- EXERCISE BRIEF -
Retype, without changes or pictures, only the lines that begin at the one containing "PAIGE Anessa Wide Leg Jeans - Blue" and end at the last line of the records that follow.

Short text fragments from websites
—————

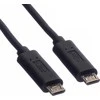 Kabelis USB Roline microUSB - microUSB 0.3 m Juodas (JAB-2370359)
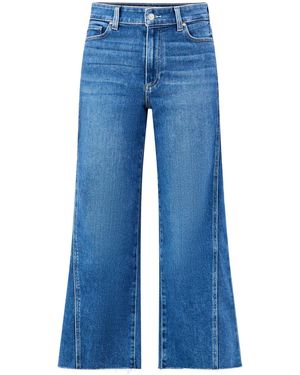 PAIGE Anessa Wide Leg Jeans - Blue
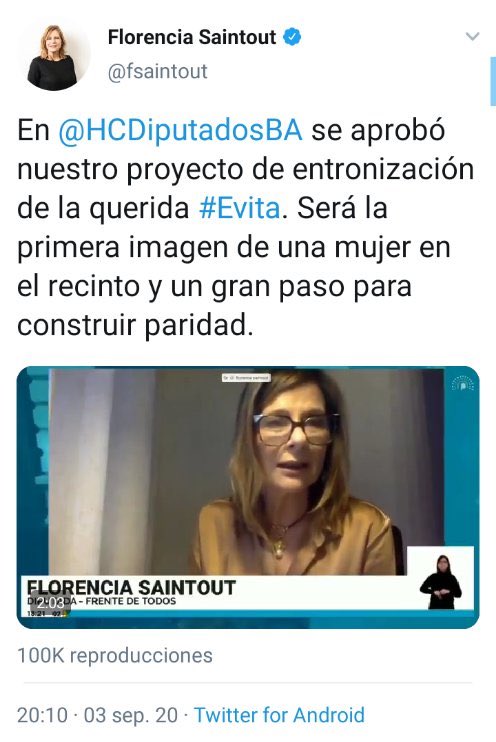 hebesil's tweet photo. En Mendoza hay paridad por el trabajo de muchas mujeres de todos los partidos que lo lograron. No hizo falta “entronizar” a nadie previamente #MendoExit https://t.co/OUgEFHDjlB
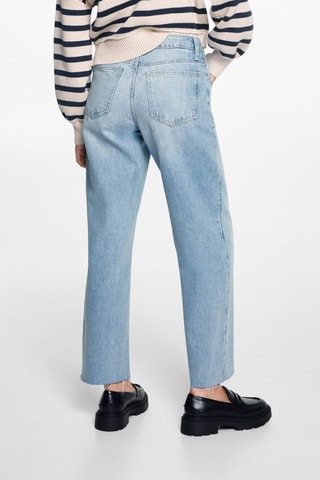 Jean style jupe-culotte couture - Bleu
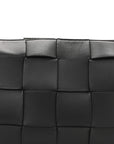 Lambskin Maxi Intrecciato Brick Cassette Bag Black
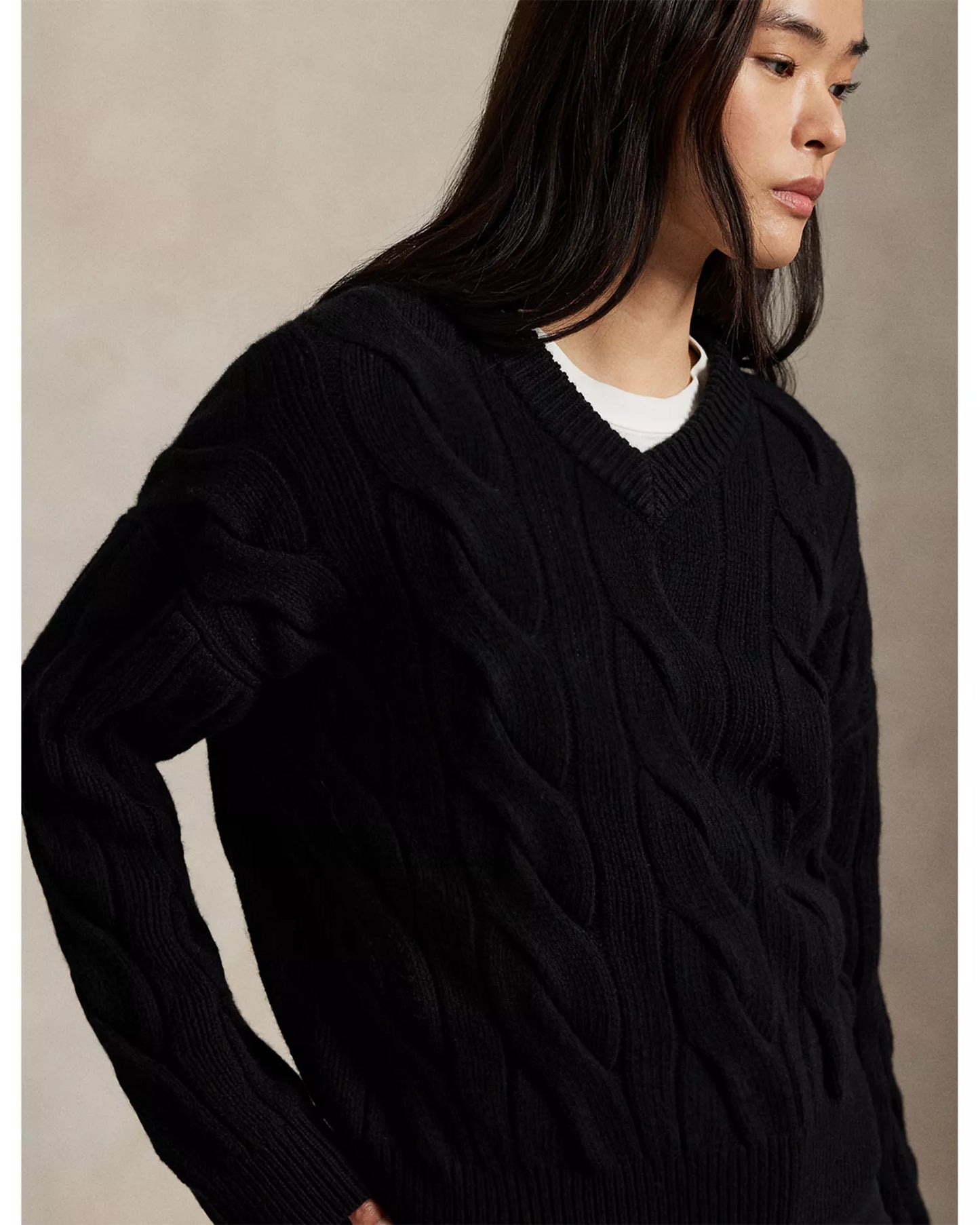 Polo Ralph Lauren - Wool/Cashmere LS VNeck Pullover Sweater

—————

- EXERCISE SOLUTION -
 PAIGE Anessa Wide Leg Jeans - Blue
 hebesil's tweet photo. En Mendoza hay paridad por el trabajo de muchas mujeres de todos los partidos que lo lograron. No hizo falta “entronizar” a nadie previamente #MendoExit https://t.co/OUgEFHDjlB
 Jean style jupe-culotte couture - Bleu
 Lambskin Maxi Intrecciato Brick Cassette Bag Black
 Polo Ralph Lauren - Wool/Cashmere LS VNeck Pullover Sweater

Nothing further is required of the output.